The score at lunch was 64 for 1, but the second ball after the break accounted for Mark Wagh (3), caught at second slip off one from Nicholson that bounced. Notts continued to push along aggressively at more than four an over, with even Matt Wood, who had started quite solidly, starting to open up. But both he and Adam Voges, for 38 and 33 respectively, were caught down the leg side off misdirected balls from the fortunate Dernbach; Voges had already been dropped in the slips off Nicholson when 24. When Chris Read (5) shouldered arms and was bowled by Chris Jordan, Nottinghamshire were 146 for 5.
Most of the batsmen thus far had given their wickets away, and this trend continued as, just before tea, Samit Patel culpably took a wild heave at part-time off-spinner Matthew Spriegel and skied a catch for Jonathan Batty to collect in the region of point - his fourth of the innings. Mark Ealham (12) was perhaps unlucky, bowled behind his legs by Nicholson. But, with the follow-on becoming an increasing threat, the shots of Swann (33), holing out on the leg boundary off Saqlain just after having swept him riskily for six, and Andre Adams, skying the same bowler to extra cover, were even more culpable.
The innings closed for 218, with most of the dismissals brought about by an apparent suicide pact. Collins, the most consistent of the pace bowlers, failed to take a wicket; the main beneficiaries of the home team's largesse were the more erratic Dernbach (2 wickets) and Nicholson(3), and the wily Saqlain (also 3). Surrey, after starting the match bottom of the division, may have felt the confusion of a mediocre gambler finding himself with a full house, but managed to convey successfully their wish to indulge in a follow-on.
Christmas was still not over, as with only a leg-bye on the board Jefferson was bowled by Dernbach via the inside edge. Suddenly Surrey were bowling with real purpose and self-belief; similarly Nottinghamshire had lost their cavalier abandon and were looking nervously over their shoulders to find their backs to the wall.
Strangely, there followed the best cricket of the match so far. Wood and Wagh decided to knuckle down and fight it out; Collins, Dernbach and Jordan produced some superb bowling of genuine pace and hostility, and with greater accuracy too. At last we had the sight of two teams rising to the challenge, giving no quarter and engaging in a tense battle for supremacy and pride. It was only spoilt, for Nottinghamshire, in the penultimate over when Wagh tried to leg-glance Collins and was taken by the keeper for 19; 46 for 2.

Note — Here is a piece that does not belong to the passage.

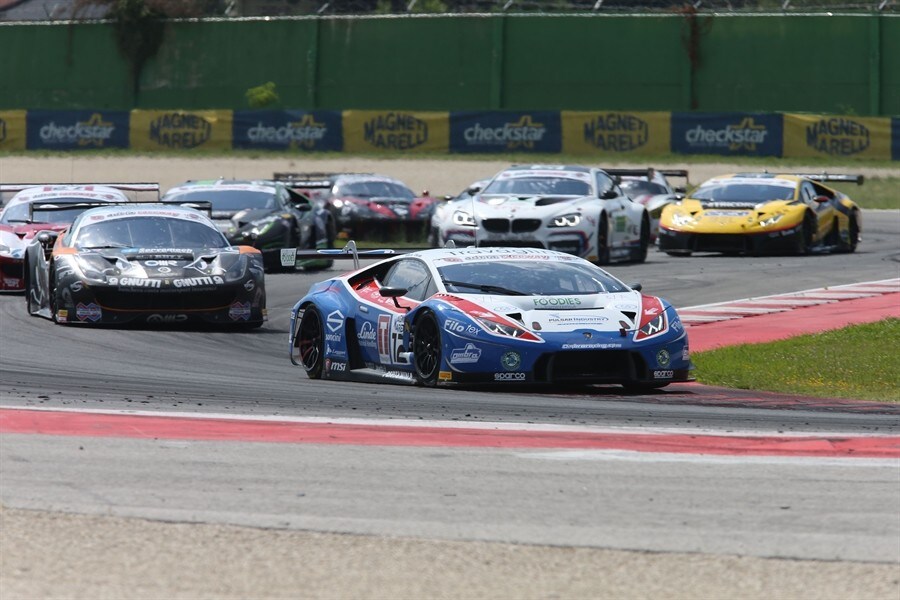 Italiano GT, a Misano è doppietta Lamborghini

Some intriguing questions should be answered on the final day. Will Nottinghamshire drag themselves out of the pit they dug for themselves and force an honourable draw? Will Surrey be able to seize the day and record their first Championship win of the season? And when these are answered, what effect will this match have on the future progress of the two sides this season? This may well prove to be one of the most significant matches of the 2008 Championship.